Das Reich ist frei, es übe seine Wahl;
Denn ich verzichte, lasse hier Würde,
So mir die Zeit der Kriegsverwirrung gab.
Den Kaiser traf ein harter Doppelbann
Der Kirche und des Volks; es ist der Brand,
Den er entzündet, ausgelöscht. Er selbst
Erwartet euern Spruch. So laßt mich gehn.
Ich habe manch Geschäft mit mir zu ordnen,
Und fühle mich nicht werth, noch unerzogen,
Der Königspflicht ein ungewöhnter Schüler.
Schont meiner Jugend, daß sie nicht erröthe;
Der Purpur auf der Wange duldet nicht
Den auf der Schulter.

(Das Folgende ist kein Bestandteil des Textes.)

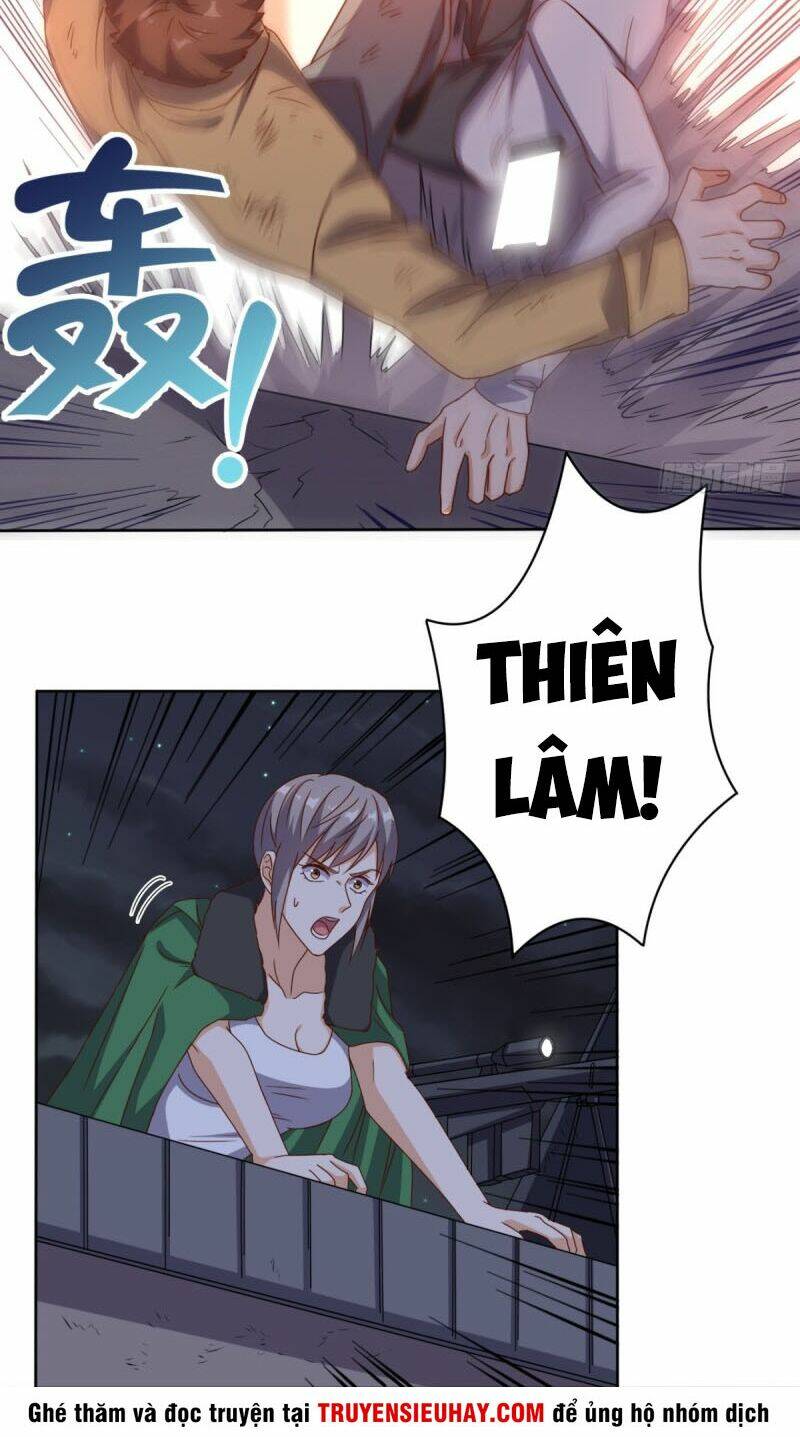 Chương 100 - Trang 12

Dieser Kreis umfaßt
So viele würdige, thatgestählte Männer,
Der Kraft und Weisheit allerkannte Muster.
Was bin ich unter euch? Gebt mir den Schemel
An eurer Seite, daß ich lernen mag,
Und stellt mich als den letzten in die Reihe,
Wo Werth und Alter gleiche Stelle nehmen.
Rothard.
Du schiebst verschmähend weg, was du genommen,
Wofür du selbst mit uns die Waffen trugst?
Heinrich.
Nein, Bischof, nicht für dies ward ich Genoß
In diesem Werk. Was war denn unser Ziel?
Das deine? Wer erkennt es mehr als du?
Das Reich aus des Gebannten Macht zu nehmen,
Den Fluch des Einen Haupts von vielen wenden.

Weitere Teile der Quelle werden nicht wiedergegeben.